From a general perspective, mergers and acquisitions might not seem all that different. One company decides they want to own another company, or two companies decide to combine forces. It really doesn’t seem like there is much difference, practically speaking.
But from a legal and financial standpoint, the difference between a merger and an acquisition is quite profound indeed. What happens legally and financially when these two companies agree to co-mingle funds, employees and property? Here are some of the things you can check to see whether the transaction is a merger or an acquisition, and how the difference might affect you and others.
The New vs. The Old
When one company buys another, it is said to have acquired the other company. This is no different than a driver acquiring a new car. The acquired company belongs to the buyer.
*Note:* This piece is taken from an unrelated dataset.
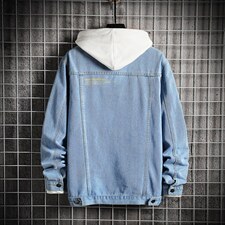 jk601-p55-限价78 网格牛仔夹克肥仔秋款量足印花大码图片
Practically speaking, the buying or acquiring company is still the same. They may choose to allow the acquired company to operate normally as a subsidiary. They might also choose to liquidate, wrap-up or absorb the acquired company. The one element that doesn’t change is the acquiring company or the buyer doesn’t disappear. The first company remains intact.
The Old vs. The New
In a merger, on the other hand, a new company comes into being and absorbs the property and liabilities of the other two. This is important for legal and financial purposes because the owners of the two merging companies will end up owning a share of the new, merged company. This often happens with large highly capitalized corporations, mainly because there are no other organizations large enough to acquire one or the other.
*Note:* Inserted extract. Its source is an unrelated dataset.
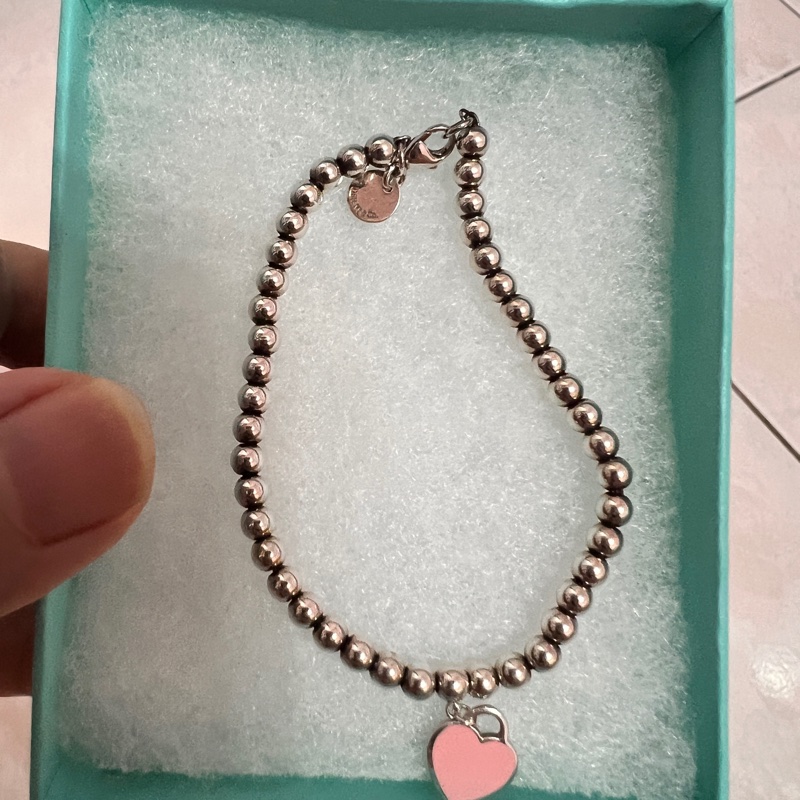 Tiffany 愛心紅色手鍊-0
Acquisitions are More Common
Due to the intricacies of corporate law and the fact that synthesizing the obligations of organizations that might be separated by distance, jurisdiction and markets, the practice of one company buying another is more common than two companies merging to form a new organization. The two terms are often confused and used interchangeably, but the reality of inter-company transactions are quite different for both shareholders and management.
Acquisitions are rarely transactions between equals. Mergers, on the other hand, are almost always conducted between two companies in similar markets, and often performed in order to obtain a commanding market presence. This often invites anti-trust scrutiny and the potential for government denial of the proposed deal.
Mergers can’t be conducted between fewer than two companies. Acquisitions, on the other hand, can be performed by individuals, investment groups, banks or funds. Sometimes companies are acquired for their property, or even their losses. This has become a more common practice lately.
Publicly traded companies or companies that are facing financial problems can often be acquired by individuals or organizations without the consent of management. This used to be referred to often as a “hostile takeover.” There are few restrictions on the purchase or sale of stock, although there are regulations when attempting to acquire an entire company.